When I was interviewing Jon North, the founder and CEO of 79North (CNSX: TWLV), about his exploration projects in Suriname, a small country at the top of South America, he told me about the many years he had spent working in West Africa and around the Sahel region – the semiarid belt south of the Sahara stretching from Senegal to Sudan.
From the time he started working on the continent with his former companies North Atlantic Resources and Northquest in 2002, until he left to pursue a project in the Canadian Arctic in 2010, North travelled widely in the Sahel region, crisscrossing Burkina Faso, Chad, Mali, and Niger in pursuit of various exploration prospects.
In one anecdote from 2004, North described hiring a local Tuareg man who owned a land cruiser and getting permission from local authorities in northern Niger to drive around in the Sahara looking at rocks in the uranium-producing area around Arlit and Agadez. But he says those times are long gone. “You would be so kidnapped and killed so fast now,” he says. “It would be out of the question now, you can’t do that.”
North also recalled the 2008 kidnapping in Niger of Canadian diplomat Robert Fowler. “It was not far from the capital Niamey, and I know exactly where they picked him up, near a ferry crossing of the Niger River,” North says. “He wrote a book, A Season in Hell, that pretty much says everything about that part of the world.”
My discussion with North prompted me to take a closer look at security in the region over the last year and see just how unstable it has become. The news doesn’t appear good. Security is deteriorating with the spread of jihadist groups and militant factions including Islamic State and al Qaeda battling for supremacy in Burkina Faso, Mali and Niger.
The most powerful militant groups are Islamic State in the Greater Sahara (ISGS) and Jama’at Nusrat al-Islam wal Muslimin (JNIM), part of the al Qaeda consortium, and their victims include just about everyone — from tribal leaders and villagers to other civilians, civil servants and soldiers. It doesn’t help that some state security forces have also been accused of human rights abuses.

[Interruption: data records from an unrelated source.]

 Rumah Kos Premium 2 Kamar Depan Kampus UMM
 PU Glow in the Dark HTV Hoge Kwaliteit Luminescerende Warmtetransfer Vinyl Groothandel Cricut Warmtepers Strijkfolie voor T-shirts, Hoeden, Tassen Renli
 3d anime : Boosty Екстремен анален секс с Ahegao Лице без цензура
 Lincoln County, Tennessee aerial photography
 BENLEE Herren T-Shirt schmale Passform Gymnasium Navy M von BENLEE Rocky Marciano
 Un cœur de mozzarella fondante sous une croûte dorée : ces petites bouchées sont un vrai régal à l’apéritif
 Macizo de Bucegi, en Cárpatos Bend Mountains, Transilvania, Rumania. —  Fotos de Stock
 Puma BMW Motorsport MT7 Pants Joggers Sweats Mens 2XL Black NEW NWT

“People aren’t paying enough attention, but the Sahel is now one of the most insecure places in the world,” Caleb Weiss, an analyst at the Foundation for Defense of Democracies, a research institute in Washington, D.C., told the Wall Street Journal in June.
The newspaper quoted figures from the Africa Center for Strategic Studies, part of the U.S. Defence Department, which documented nearly 1,000 separate attacks in Burkina Faso, Mali and Niger in the year ended March 31. During that period strikes by al Qaeda factions jumped 55% year-on-year and those by the Islamic State by 120%, it said. The group also reported that more than 1 million people have fled the violence, most from Burkina Faso, fuelling Africa’s already dire refugee crisis.
According to the International Crisis Group in a report published on their website in June, the Islamic State’s Sahel affiliate “is at present the most potent security threat in Niger, if not the region,” and the group’s leadership “has proven expert at mobilising local communities to their side, using the border zone between Niger and Mali as an important recruiting ground to bolster their forces.”
In March, a former finance minister in Mali, Soumaila Cisse, was kidnapped while campaigning for president near his hometown of Timbuktu. Although no group has claimed responsibility for his abduction, he was seized in an area controlled by the Macina Liberation Front, an al Qaeda-linked militia, news agencies report.
In February, the Wall Street Journal reported that volunteers from the Peace Corps “are no longer allowed to serve in Burkina Faso, Niger or Mali because of security concerns,” and at a summit hosted by France in mid-January, governments from the Sahel called for strengthening military capabilities and targeting the Islamic State in the Sahel as a priority.
France – one of the region’s former colonial powers – already has roughly 5,000 troops in the area and along with forces from the United Nations is trying to keep the peace, while the U.S. under President Donald Trump reviews its troop commitments to the continent.
As governments the world over grapple with the coronavirus pandemic and its economic fallout, many Africa experts warn that the violence may escalate as militant groups press to take advantage of the chaos. News agencies reported in June that an al Qaeda-linked group killed ten soldiers in Cote d’Ivoire, the first strike in that country since 2016.
But using armed force to contain the threat is just one part of the solution. To help stem the violence and prevent further inroads by extremist groups, observers say, governments must address the socio-economic grievances that plague the region including poverty, state corruption, and a lack of education, all of which terrorist groups try to exploit.